Enver Paşa'yı sevmek hakkında


Sizi bilmem ama ben hayatım boyunca hep yenilenlerin, kaybedenlerin yanında saf tuttum. Bunun için midir, bilmem, Enver Paşa'yı severim.

İki takımdan yenileni, "Ah bu da kaçar mı!.." dedirten, saç baş yolduran, altı pastan topu tribünlere gönderen santraforu tutar yüreğim. Onun için midir, bilmem, küme düşen takımları tutarım.

Aşkta kaybedenden, sevip de sevilmeyenden yanayımdır her zaman.

Bu yüzden eski Yeşilçam filmlerinde yer alan iki aşık yerine, mesela, arada kalan Ekrem Bora'nın kazanmasını isterdim.

Kazanamayacağını bile bile kaybetmeye mahkum olanları tutmanın, ne "yaman çelişki" olduğunu elbette biliyorum.

Lakin, beni çeken, yalnızca 'kaybedenlerin' hikayesidir…

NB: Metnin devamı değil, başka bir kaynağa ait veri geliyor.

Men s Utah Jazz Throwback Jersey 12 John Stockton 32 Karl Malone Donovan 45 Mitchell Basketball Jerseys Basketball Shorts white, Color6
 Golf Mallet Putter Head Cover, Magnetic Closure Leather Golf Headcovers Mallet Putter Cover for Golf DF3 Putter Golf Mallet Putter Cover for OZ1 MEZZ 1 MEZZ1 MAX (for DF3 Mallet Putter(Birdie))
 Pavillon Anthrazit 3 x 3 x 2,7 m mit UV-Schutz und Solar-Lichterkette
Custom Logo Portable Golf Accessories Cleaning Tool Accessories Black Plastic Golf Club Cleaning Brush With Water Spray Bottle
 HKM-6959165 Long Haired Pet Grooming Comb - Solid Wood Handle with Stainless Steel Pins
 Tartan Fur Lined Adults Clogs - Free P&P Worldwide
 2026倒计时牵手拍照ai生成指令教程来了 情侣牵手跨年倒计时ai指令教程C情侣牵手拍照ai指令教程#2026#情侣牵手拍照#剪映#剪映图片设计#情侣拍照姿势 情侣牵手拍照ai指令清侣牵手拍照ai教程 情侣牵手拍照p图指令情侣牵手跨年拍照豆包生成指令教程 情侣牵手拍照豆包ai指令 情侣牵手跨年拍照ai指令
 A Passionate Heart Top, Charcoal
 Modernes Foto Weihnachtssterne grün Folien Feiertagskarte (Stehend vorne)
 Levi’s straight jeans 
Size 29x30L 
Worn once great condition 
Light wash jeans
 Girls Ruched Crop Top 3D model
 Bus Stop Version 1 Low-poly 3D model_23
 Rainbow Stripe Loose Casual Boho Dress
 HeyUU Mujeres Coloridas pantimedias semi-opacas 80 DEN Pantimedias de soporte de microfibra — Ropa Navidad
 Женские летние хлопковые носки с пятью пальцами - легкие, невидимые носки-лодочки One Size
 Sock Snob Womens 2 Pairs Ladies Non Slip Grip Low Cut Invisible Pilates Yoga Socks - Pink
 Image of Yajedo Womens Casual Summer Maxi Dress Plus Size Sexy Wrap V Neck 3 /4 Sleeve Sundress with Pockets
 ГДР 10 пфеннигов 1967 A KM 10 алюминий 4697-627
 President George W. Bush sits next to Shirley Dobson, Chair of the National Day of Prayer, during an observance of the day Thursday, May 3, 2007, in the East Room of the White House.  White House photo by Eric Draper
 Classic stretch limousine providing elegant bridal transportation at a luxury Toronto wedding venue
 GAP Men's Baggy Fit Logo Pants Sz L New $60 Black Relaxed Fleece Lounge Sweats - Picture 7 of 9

Kerbelâ'daki Hüseyin, Timur'a esir düşen Yıldırım Bayezid, Libya'yı işgal eden İtalyanlara karşı halk hareketini başlatan Ömer Muhtar bana hep Sezai Karakoç'un, "Yenilgi yenilgi büyüyen bir zafer vardır…" mısraını hatırlatır.

Hülasa, Karadeniz'de batıp batıp çıkan teknesinden eşine olan sadakatine, mahpusluğundan sürgünde arkadaşlarıyla çıkardığı "Liva el-İslâm" dergisindeki yazılarına kadar Enver Paşa'yı severim ben.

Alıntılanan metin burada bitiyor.